We do our fair share of number crunching. The latest data set we are chewing over is well over half a million transactions. We are also aware of plenty of outfits who will crunch vast swathes of data to tell what your customers are up to and what they might do next.
However, looking at your sales history has a significant shortcoming: It is your data, not your competition’s data.
Sure, if you trade online, you can scrape your competitor’s pricing and a few other details, but you cannot tell when your customers bought from them.
The two things we look at most are recency and frequency. When did a customer last buy from you and how often do they buy a product. Frequency is an excellent indicator of price sensitivity… if they don’t buy it often they won’t remember how much they paid last time!
However, this kind of analysis only works if you have a strong assumption that the customer only buys from you. If they are fickle and flit off to the competition on whim, then your recency and frequency data tells you nothing about their buying pattern… unless of course you know their underlying usage.

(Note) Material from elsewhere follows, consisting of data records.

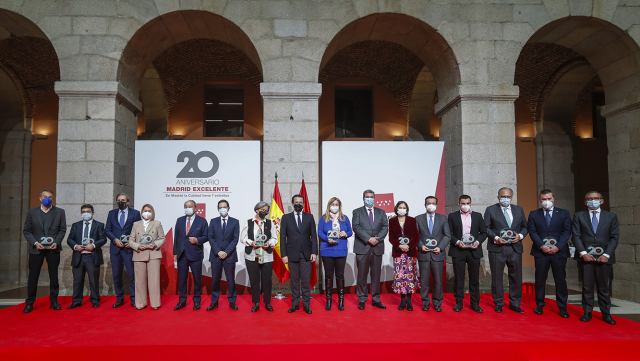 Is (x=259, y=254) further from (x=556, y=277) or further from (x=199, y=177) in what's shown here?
(x=556, y=277)

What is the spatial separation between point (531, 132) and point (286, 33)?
765 cm

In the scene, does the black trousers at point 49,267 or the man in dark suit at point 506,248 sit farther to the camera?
the black trousers at point 49,267

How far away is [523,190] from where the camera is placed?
1160cm

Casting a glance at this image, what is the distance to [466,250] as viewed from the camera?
563 centimetres

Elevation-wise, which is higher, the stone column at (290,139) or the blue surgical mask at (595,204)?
the stone column at (290,139)

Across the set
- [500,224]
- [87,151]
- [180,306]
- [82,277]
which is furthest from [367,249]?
[87,151]

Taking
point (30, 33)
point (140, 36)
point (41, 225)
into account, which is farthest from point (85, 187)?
point (30, 33)

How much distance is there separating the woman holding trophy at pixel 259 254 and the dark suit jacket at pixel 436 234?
6.36 feet

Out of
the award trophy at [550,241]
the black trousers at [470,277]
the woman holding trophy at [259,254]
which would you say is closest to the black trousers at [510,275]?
the black trousers at [470,277]

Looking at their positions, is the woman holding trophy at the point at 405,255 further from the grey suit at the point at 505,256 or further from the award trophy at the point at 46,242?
the award trophy at the point at 46,242

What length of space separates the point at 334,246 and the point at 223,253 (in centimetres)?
148

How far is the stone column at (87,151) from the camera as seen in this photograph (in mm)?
6863

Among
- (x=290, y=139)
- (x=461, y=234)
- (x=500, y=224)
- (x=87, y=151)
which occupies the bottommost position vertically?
(x=461, y=234)

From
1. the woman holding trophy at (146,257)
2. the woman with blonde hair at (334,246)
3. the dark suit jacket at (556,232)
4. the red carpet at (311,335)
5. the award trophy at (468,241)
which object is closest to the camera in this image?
the red carpet at (311,335) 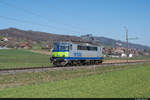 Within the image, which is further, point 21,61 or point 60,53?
point 21,61

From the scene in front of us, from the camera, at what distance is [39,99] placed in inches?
434

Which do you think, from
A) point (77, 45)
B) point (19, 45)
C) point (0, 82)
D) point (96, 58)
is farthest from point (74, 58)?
point (19, 45)

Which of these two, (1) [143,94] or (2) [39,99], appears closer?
(2) [39,99]

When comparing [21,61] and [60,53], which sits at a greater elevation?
[60,53]

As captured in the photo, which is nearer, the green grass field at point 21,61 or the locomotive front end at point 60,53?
the locomotive front end at point 60,53

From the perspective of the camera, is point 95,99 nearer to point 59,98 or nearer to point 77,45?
point 59,98

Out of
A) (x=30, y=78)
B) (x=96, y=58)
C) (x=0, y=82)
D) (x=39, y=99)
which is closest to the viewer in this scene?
(x=39, y=99)

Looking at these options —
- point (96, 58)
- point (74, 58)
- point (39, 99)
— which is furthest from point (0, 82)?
point (96, 58)

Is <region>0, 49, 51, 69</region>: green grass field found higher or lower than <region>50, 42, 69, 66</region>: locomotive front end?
lower

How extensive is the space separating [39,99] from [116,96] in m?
Answer: 4.54

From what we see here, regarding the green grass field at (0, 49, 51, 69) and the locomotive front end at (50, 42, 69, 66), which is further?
the green grass field at (0, 49, 51, 69)

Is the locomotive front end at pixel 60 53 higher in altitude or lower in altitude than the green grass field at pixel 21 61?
higher

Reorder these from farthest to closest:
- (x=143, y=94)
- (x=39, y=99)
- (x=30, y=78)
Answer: (x=30, y=78) < (x=143, y=94) < (x=39, y=99)

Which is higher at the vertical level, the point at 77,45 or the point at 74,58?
the point at 77,45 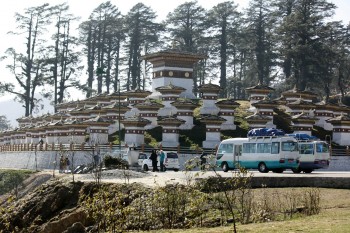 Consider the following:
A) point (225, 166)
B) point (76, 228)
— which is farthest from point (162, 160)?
point (76, 228)

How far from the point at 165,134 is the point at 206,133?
338cm

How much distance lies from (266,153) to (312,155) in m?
2.74

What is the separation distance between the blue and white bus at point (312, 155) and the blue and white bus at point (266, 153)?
1012 mm

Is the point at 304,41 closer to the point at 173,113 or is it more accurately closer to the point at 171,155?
the point at 173,113

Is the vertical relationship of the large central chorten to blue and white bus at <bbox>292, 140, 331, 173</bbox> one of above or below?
above

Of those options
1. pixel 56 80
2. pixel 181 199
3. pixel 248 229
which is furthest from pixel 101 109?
pixel 248 229

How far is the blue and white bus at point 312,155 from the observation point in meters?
37.3

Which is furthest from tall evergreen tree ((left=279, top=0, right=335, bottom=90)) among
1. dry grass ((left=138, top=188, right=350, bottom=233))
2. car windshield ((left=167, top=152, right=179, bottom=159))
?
dry grass ((left=138, top=188, right=350, bottom=233))

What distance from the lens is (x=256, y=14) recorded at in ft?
282

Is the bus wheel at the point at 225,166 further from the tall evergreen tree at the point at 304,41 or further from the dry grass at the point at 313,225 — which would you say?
the tall evergreen tree at the point at 304,41

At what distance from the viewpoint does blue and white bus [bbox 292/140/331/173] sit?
37281 mm

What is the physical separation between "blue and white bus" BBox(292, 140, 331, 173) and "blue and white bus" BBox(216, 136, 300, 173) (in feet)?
3.32

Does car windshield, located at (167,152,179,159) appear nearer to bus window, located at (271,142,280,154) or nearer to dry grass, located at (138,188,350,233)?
bus window, located at (271,142,280,154)

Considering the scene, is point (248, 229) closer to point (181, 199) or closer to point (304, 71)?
point (181, 199) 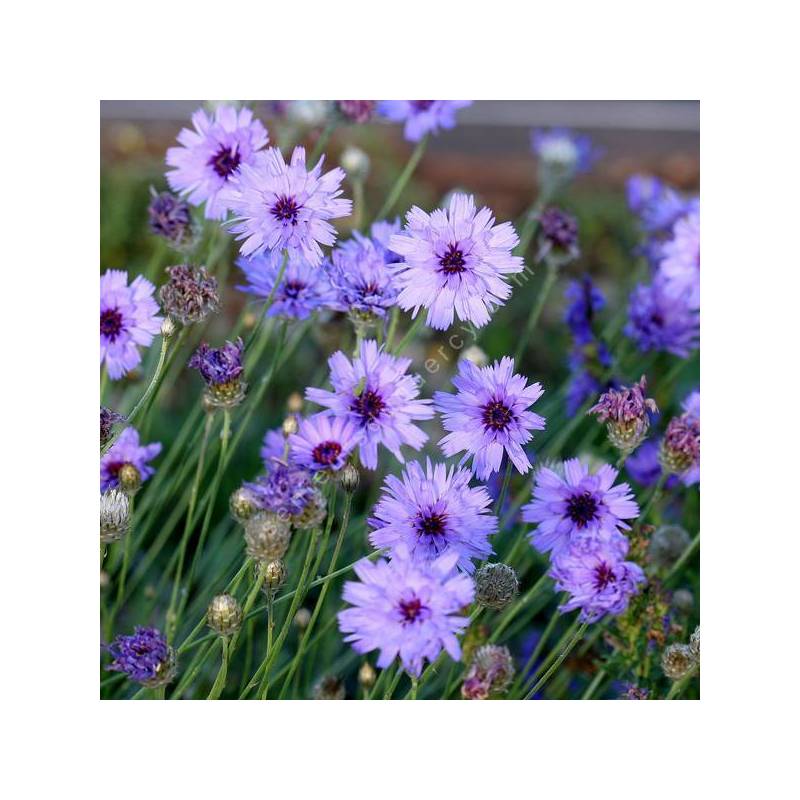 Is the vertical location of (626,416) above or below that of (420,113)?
below

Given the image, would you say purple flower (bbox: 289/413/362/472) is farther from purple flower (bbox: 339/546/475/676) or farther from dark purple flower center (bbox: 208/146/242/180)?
dark purple flower center (bbox: 208/146/242/180)

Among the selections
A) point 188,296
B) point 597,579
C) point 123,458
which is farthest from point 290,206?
point 597,579

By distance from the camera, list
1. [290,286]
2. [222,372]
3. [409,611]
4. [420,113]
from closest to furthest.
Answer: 1. [409,611]
2. [222,372]
3. [290,286]
4. [420,113]

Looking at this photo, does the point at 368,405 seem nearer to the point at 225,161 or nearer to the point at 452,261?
the point at 452,261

Let’s take some grocery items to make things simple:
If you have a good measure of how much toilet paper the average person uses per week and the number of people in the household then you can tell how loyal they are to your supermarket and even a brand.
However, try doing the same analysis with baslamic vinegar of Modena and you won’t be able to tell the difference between someone who only buys it once in a blue moon because they saw Nigella use it in a recipe, and someone who puts it on their chips but buys a bottle a week from your competitor down the road.

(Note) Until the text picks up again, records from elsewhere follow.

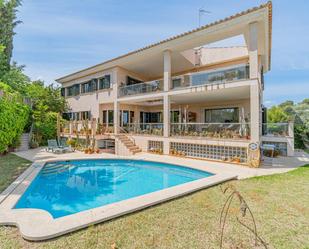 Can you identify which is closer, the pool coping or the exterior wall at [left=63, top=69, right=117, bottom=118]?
the pool coping

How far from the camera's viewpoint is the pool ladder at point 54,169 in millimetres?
11473

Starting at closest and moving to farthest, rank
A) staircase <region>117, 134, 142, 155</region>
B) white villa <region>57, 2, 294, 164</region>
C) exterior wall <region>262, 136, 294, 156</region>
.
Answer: white villa <region>57, 2, 294, 164</region>
exterior wall <region>262, 136, 294, 156</region>
staircase <region>117, 134, 142, 155</region>

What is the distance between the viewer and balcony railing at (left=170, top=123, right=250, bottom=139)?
12.9 metres

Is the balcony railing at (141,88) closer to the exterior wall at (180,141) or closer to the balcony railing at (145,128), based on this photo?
the balcony railing at (145,128)

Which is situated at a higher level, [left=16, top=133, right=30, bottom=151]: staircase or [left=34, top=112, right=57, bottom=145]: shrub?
[left=34, top=112, right=57, bottom=145]: shrub

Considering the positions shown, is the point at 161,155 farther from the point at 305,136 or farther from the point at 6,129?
the point at 305,136

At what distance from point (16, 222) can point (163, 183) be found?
633 centimetres

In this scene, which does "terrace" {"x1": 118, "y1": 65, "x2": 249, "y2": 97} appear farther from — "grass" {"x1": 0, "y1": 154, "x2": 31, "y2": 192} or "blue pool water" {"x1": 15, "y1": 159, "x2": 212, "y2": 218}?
"grass" {"x1": 0, "y1": 154, "x2": 31, "y2": 192}

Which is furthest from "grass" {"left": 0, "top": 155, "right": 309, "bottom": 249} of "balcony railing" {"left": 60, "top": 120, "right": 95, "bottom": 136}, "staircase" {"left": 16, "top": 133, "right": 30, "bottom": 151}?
"staircase" {"left": 16, "top": 133, "right": 30, "bottom": 151}

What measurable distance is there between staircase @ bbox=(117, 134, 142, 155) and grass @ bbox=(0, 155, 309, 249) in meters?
10.7

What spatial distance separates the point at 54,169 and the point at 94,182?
3.87 m

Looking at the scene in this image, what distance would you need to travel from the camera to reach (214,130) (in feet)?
46.0

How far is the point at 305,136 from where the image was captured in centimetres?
2145

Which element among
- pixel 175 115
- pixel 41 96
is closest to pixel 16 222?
pixel 175 115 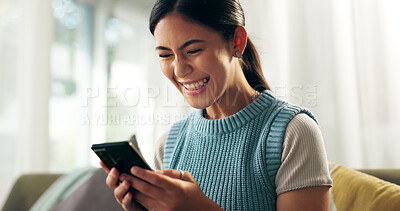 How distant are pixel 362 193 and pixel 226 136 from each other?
0.43 metres

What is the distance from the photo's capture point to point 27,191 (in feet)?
6.35

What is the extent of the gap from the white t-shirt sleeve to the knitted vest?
23 millimetres

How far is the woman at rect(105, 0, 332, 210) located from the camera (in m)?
0.85

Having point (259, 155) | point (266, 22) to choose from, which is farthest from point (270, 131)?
point (266, 22)

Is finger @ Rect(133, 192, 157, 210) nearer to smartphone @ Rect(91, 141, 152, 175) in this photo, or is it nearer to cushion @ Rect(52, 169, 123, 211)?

You might get lucky and spot that their baslamic habit was fed by you before they went to the competitor, but these instances are tricky to pick out of the data.

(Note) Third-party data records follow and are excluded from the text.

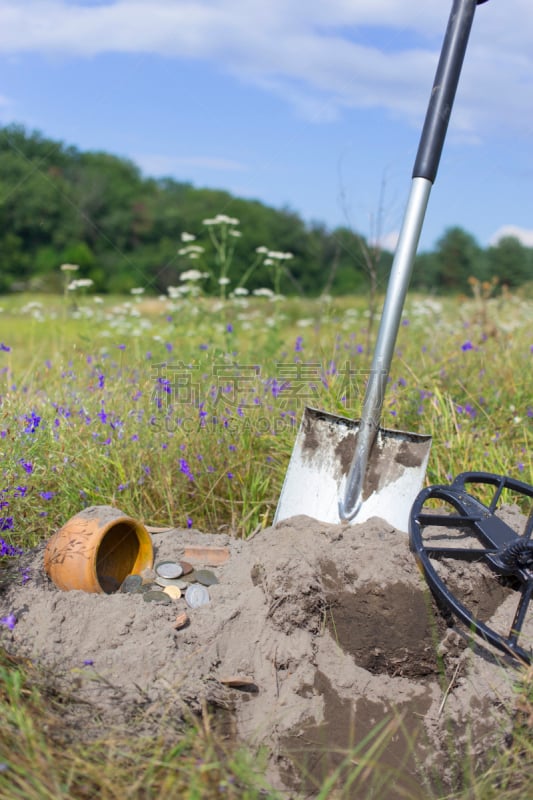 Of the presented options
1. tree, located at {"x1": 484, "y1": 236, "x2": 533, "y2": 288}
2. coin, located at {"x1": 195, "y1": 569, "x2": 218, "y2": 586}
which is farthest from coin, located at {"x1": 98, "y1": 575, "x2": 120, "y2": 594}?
tree, located at {"x1": 484, "y1": 236, "x2": 533, "y2": 288}

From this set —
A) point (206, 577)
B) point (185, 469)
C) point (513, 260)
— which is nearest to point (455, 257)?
point (513, 260)

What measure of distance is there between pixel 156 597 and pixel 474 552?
1.04 m

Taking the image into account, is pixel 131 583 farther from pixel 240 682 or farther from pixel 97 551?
pixel 240 682

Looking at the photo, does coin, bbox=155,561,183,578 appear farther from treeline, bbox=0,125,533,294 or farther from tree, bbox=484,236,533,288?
treeline, bbox=0,125,533,294

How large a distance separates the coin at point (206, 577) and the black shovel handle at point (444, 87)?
1.63 metres

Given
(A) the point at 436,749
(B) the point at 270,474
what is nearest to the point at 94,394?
(B) the point at 270,474

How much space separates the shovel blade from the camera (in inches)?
104

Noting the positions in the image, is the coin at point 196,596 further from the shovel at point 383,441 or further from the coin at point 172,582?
the shovel at point 383,441

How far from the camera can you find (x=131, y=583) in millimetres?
2355

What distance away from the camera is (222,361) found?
3.59 m

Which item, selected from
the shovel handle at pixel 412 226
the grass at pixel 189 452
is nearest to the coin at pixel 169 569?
the grass at pixel 189 452

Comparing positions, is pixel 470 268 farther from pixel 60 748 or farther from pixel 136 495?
pixel 60 748

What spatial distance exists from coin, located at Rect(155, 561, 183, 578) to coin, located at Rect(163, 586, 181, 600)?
67 mm

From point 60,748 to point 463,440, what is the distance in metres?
2.16
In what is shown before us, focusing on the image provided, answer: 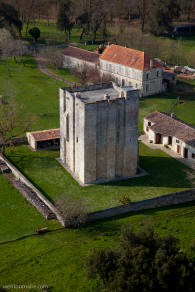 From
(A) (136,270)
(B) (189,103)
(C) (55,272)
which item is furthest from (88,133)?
(B) (189,103)

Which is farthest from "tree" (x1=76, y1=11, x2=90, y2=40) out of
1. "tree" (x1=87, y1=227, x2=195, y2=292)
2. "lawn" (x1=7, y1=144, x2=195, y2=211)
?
"tree" (x1=87, y1=227, x2=195, y2=292)

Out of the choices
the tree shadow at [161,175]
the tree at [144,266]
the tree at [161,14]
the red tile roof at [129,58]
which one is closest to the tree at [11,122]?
the tree shadow at [161,175]

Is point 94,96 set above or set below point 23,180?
above

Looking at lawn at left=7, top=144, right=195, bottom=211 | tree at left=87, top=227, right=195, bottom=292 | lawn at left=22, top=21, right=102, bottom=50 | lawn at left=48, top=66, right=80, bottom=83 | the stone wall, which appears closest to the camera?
tree at left=87, top=227, right=195, bottom=292

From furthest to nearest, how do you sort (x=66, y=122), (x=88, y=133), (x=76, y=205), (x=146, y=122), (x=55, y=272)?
(x=146, y=122) → (x=66, y=122) → (x=88, y=133) → (x=76, y=205) → (x=55, y=272)

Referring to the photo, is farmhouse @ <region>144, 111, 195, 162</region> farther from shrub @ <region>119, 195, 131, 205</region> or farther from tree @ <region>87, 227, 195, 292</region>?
tree @ <region>87, 227, 195, 292</region>

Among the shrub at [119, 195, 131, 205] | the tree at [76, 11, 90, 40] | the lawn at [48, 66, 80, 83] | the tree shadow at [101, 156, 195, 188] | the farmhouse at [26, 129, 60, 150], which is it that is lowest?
the shrub at [119, 195, 131, 205]

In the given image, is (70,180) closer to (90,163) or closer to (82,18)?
(90,163) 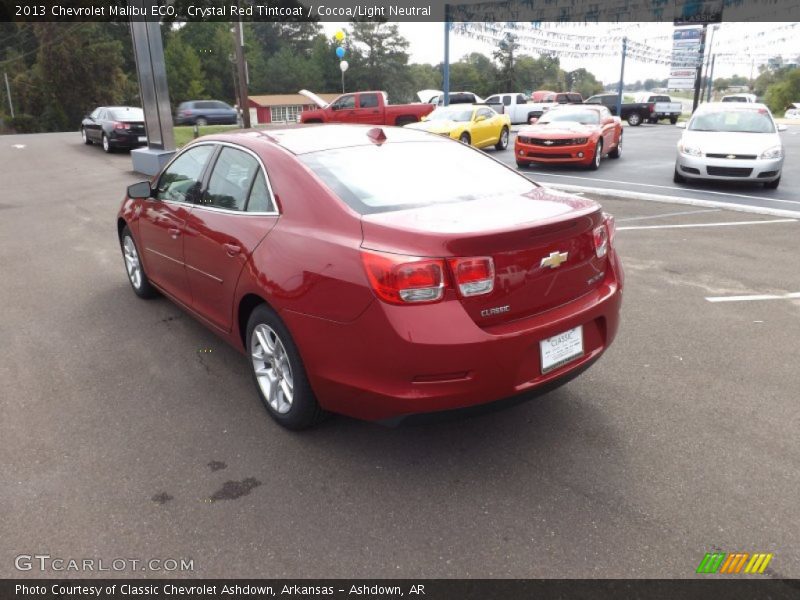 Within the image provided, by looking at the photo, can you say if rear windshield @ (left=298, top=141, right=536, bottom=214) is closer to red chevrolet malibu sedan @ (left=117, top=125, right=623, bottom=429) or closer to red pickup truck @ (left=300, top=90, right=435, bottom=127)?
red chevrolet malibu sedan @ (left=117, top=125, right=623, bottom=429)

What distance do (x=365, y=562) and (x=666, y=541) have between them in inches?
49.0

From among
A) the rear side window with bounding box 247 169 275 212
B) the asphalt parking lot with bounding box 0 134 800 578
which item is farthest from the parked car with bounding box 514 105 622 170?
the rear side window with bounding box 247 169 275 212

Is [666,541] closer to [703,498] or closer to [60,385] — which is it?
[703,498]

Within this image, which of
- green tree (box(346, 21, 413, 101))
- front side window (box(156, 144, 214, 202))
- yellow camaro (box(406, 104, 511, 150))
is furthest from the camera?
green tree (box(346, 21, 413, 101))

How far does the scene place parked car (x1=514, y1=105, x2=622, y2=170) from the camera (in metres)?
14.7

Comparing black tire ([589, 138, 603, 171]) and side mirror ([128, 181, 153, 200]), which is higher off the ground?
side mirror ([128, 181, 153, 200])

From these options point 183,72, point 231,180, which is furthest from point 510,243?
point 183,72

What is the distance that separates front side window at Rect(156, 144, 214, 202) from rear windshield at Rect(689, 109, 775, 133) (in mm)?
11071

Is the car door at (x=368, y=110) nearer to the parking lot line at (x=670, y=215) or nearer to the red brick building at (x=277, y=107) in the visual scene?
the parking lot line at (x=670, y=215)

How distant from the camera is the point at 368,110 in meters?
24.5

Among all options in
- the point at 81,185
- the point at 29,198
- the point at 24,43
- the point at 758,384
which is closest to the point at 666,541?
the point at 758,384

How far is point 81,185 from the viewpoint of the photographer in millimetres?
13633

The other common mistake made with simple data analytics, often done in house, is the substitution effect. Your sales data is great if you are never out of stock of anything. If someone is forced to buy an alternative, or worse still go to a competitor because you didn’t have the stock, you can stare at the data all you like and it will never tell you what was in the customers mind. In the old days when lead times were longer, we used to insist on looking at B2B order data rather than sales, because it was closer to what the customer wanted when they wanted it than when it was actually shipped.
Moral of the story:
Be wary of looking at what you sold to someone, because it often doesn’t tell you what you could have sold and didn’t.